In Soviet-made RTGs, the device's core typically is a flashlight-size
capsule of strontium 90, surrounded by thick lead to absorb the
radiation. When the lead cladding is intact, the generator is
essentially harmless. But if the shielding were missing or cracked,
someone standing nearby would receive a fatal dose of radiation
within hours, IAEA officials said.
It was the strontium core that the Georgian woodcutters discovered in
December while working in a remote forest in the northwestern region
of Abkhazia. According to IAEA officials, the metal cylinder caught
the men's attention because its heat had melted the surrounding snow.
Oblivious to the risk, the men took the device back to their campsite.
Within hours the men suffered severe skin burns and internal organ
damage. Nearly three months later, two of them are still critically
ill in hospitals in Moscow and Paris, while the third has recovered.
Last month, an international team led by the IAEA recovered the
strontium core and a sister device that had been abandoned in the
same area. Even though special one-ton lead shields were constructed
for the recovery effort, the workers were allowed to approach the
cores for only 40 seconds at a time. The cores were trucked to the
Georgian capital, Tbilisi, where they are being temporarily stored
along with four others that have been recovered since 1998.
Still far from clear, the IAEA says, is how the cores ended up in the
woods -- or how the Georgian government eventually will dispose of
them. According to the IAEA, Georgian officials are convinced that
more remain unaccounted for.
"Based on inventories, we think there are two more," Fleming said.
"And there is some information that suggests still other sources in
Georgia."
In other corners of the former Soviet Union, the fact that officials
know the location of the devices has done little to ease local safety
concerns.
The Russian government commission that visited Chukotka in 1997 set
out in ships to inspect 85 radiothermal generators believed to be
scattered along the region's northern coast. The officials were
unable to reach about a third of the devices because of harsh terrain
and bad weather. But of the 52 RTGs inspected, nearly half no longer
functioned, and only three had any sort of fencing or protection.

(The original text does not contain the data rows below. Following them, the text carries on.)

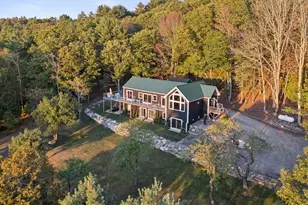 49 Cottage Rd, Arrowsic, ME 04530 - Photo 58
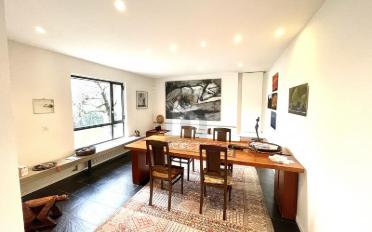 Maison 6 pièces - image - 3
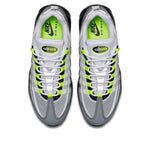 Nike Air Max 95 OG Premium 'Blck' 759986-070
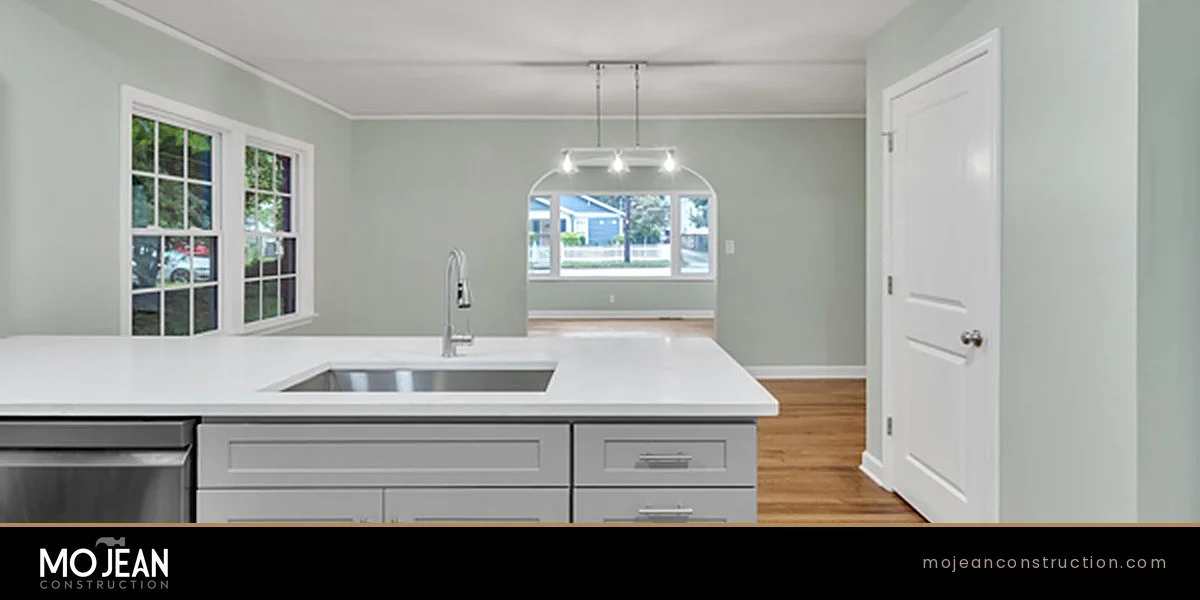 Kitchen Renovation Atlanta: Costs, Timelines & What to Expect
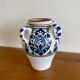 Vase tunisien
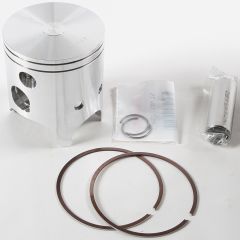 Wiseco Piston Kit Pro-lite 66.40/std Suzuki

The commission's report describes six of the devices as heavily
damaged and leaking potentially lethal amounts of radiation. One of
the generators was nearly buried in frozen mud, it said, a second was
lying in water and at least one could not be located.
"This lack of control means that it is entirely within the realm of
possibility that . . . one or several RTGs might have been lost,"

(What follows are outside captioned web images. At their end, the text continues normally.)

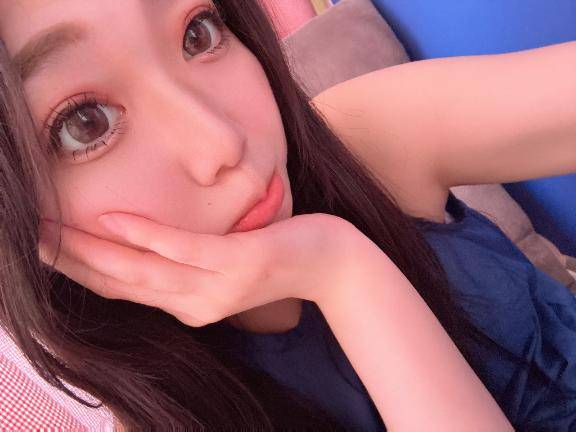 おはよう♡♡
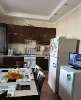 Продам 1-комнатную квартиру в Краснодаре, ККБ, Черкасская ул. 91, 126 м²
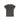 HTCLALIPST-SHIRT_BLACK - Retro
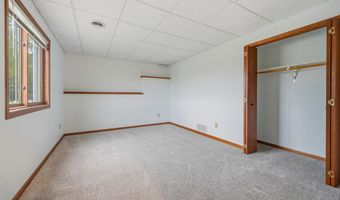 3592 County Road 82 NW, Alexandria, MN 56308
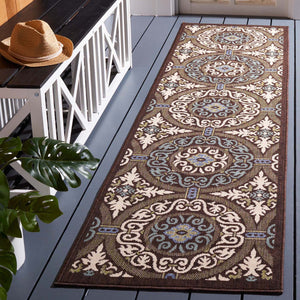 Veranda 055 Rug | Safavieh - VER055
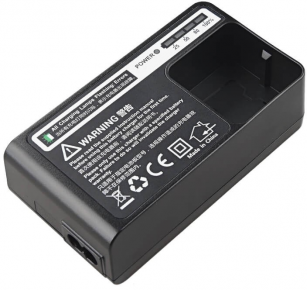 Godox AD200 Charger C29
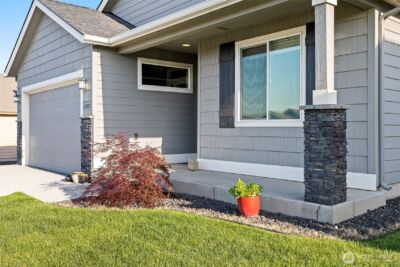 5997 W 41st Ave , Kennewick, WA 99338 - Photo 21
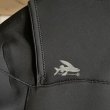 画像4: 【PATAGONIA WETSUIT/パタゴニアウェットスーツ】メンズ・ユーレックス・レギュレーター・ライト・フロントジップ・フルスーツ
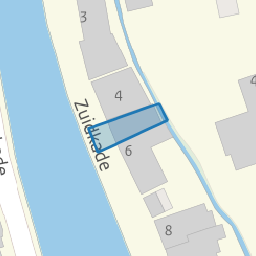 Perceel WDR02-B-2879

said the report, signed by the province's chief health inspector,
G.B. Lebedev, and chief inspector, Yuri Skobelev.
The generators had long sparked concern among local health officials
and international wildlife groups worried about the potential for
radiation leaks. But even before the Sept. 11 attacks,
environmentalists who visited the region expressed concern about the
apparent lack of security for the devices.

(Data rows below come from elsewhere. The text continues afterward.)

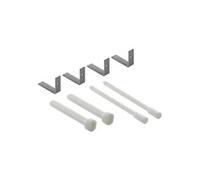 Kit De Extensión Geberit Para Placas De Cubierta | 240.058.00.1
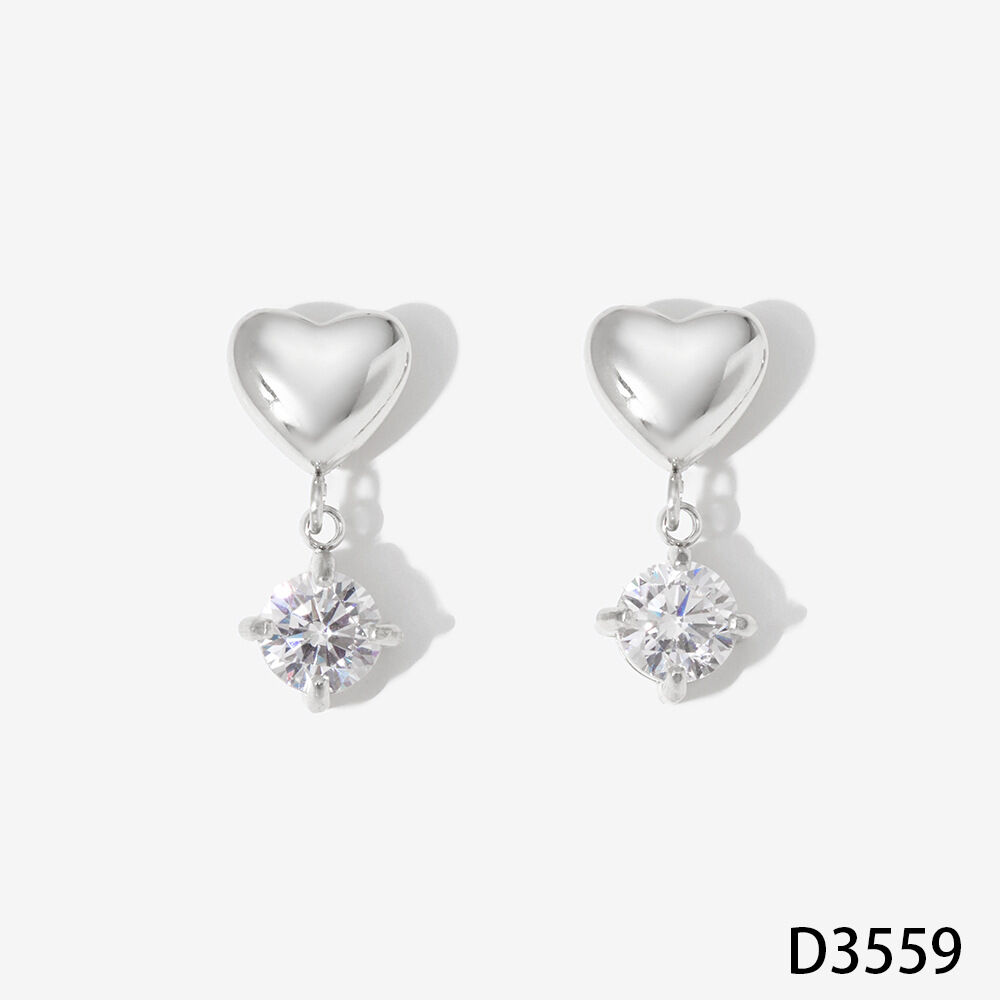 Silver Color/A Picture3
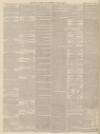 Aldershot Military Gazette Saturday 23 February 1867 Page 4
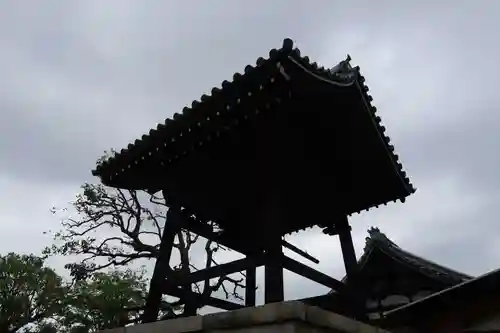 壬生寺(京都府)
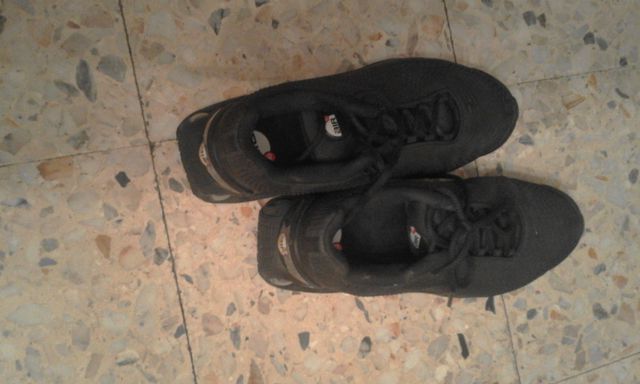 Nike Air Max Dn Talla 44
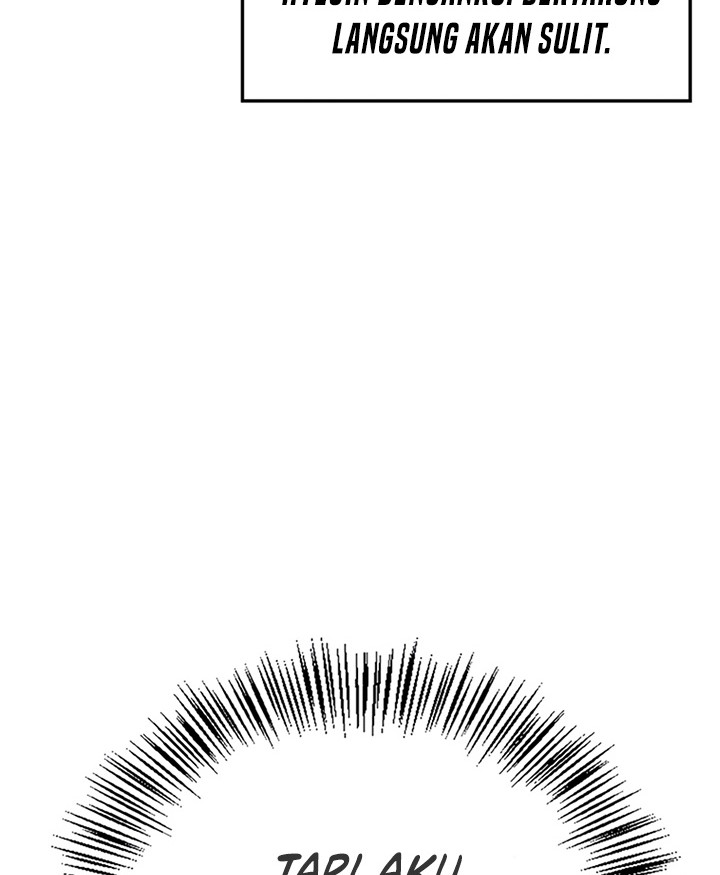 Chapter 85 - halaman 7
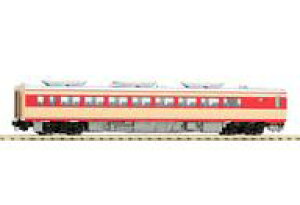 yVizS͌^ 1/150 S fB[[J[ Ln80` (M) [8469]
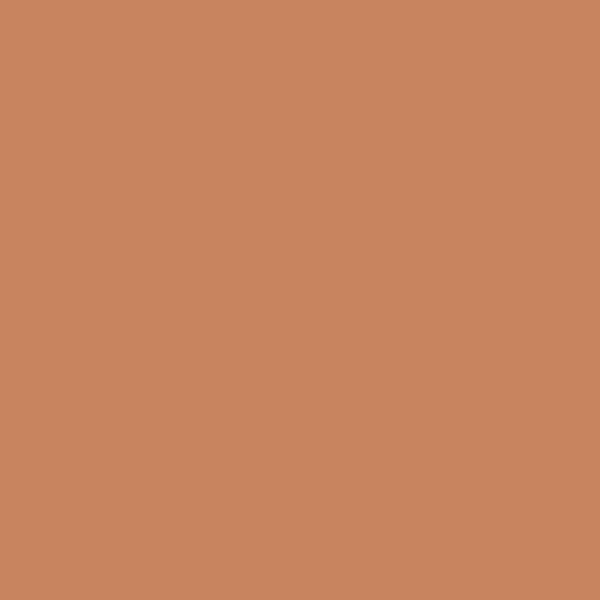 Melamiinplaat tamm EGGER Caramel Nude U830 ST9 - Javicar Melamiinplaat tamm EGGER Caramel Nude U830 ST9 - Javicar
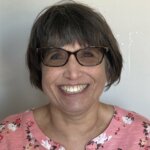 LifeStance Rebecca Johnson Minnesota Billing Payments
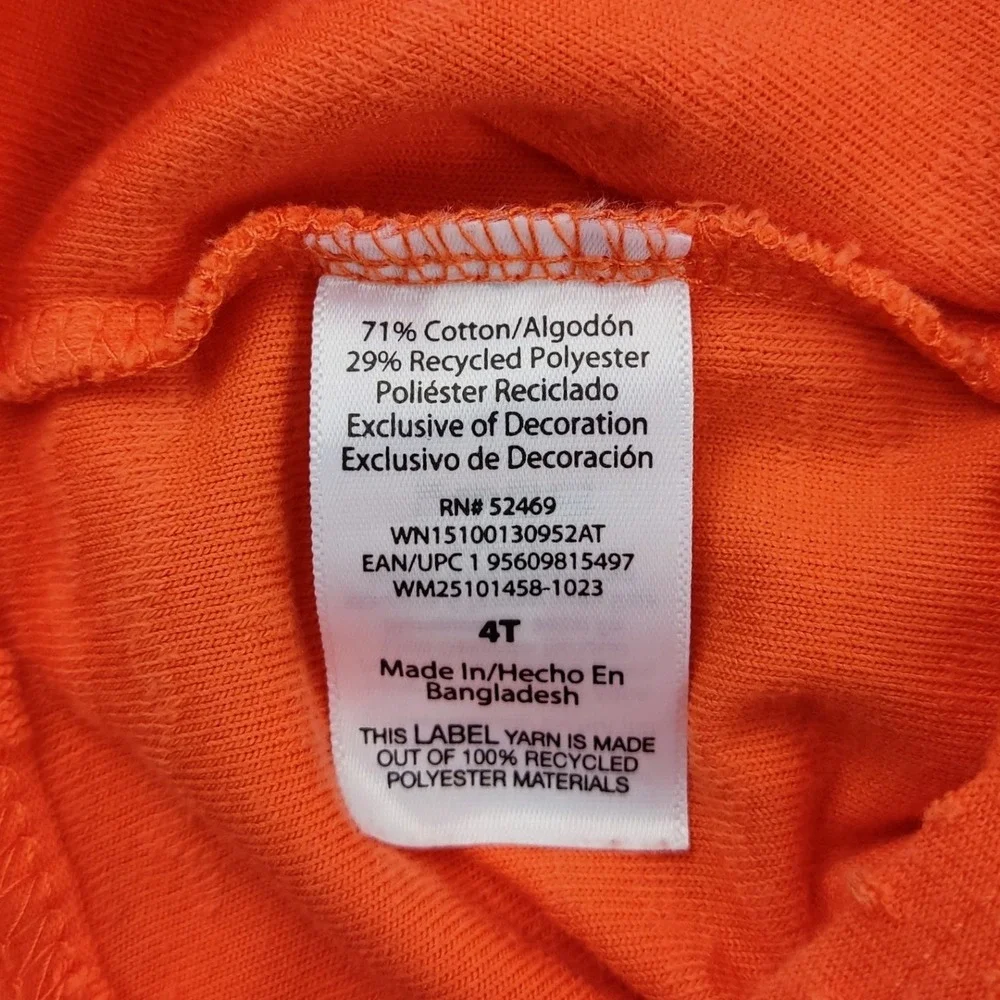 wonder nation sleeveless hoodie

"It was just sitting in a wooden hutch -- I could have walked right
up to it," said David Kleine, director of the World Wildlife Fund's
Alaska field office, who passed within a few yards of one of the
generators during a 1991 Bering Sea trip.
Still, there is an enormous difference between finding an abandoned
generator and successfully carting it away to create a weapon,
nuclear experts say. IEER President Arjun Makhijani said an amateur
tampering with such a device would put his own life in peril. But for
someone with proper training and a bent for terror, the generators
could be a means for inflicting significant harm.
"If you don't know what you are doing, it will kill you first,"
Makhijani said. "But if you know what you're doing, it will do an
extreme amount of damage."
Staff writer Alan Cooperman contributed to this report.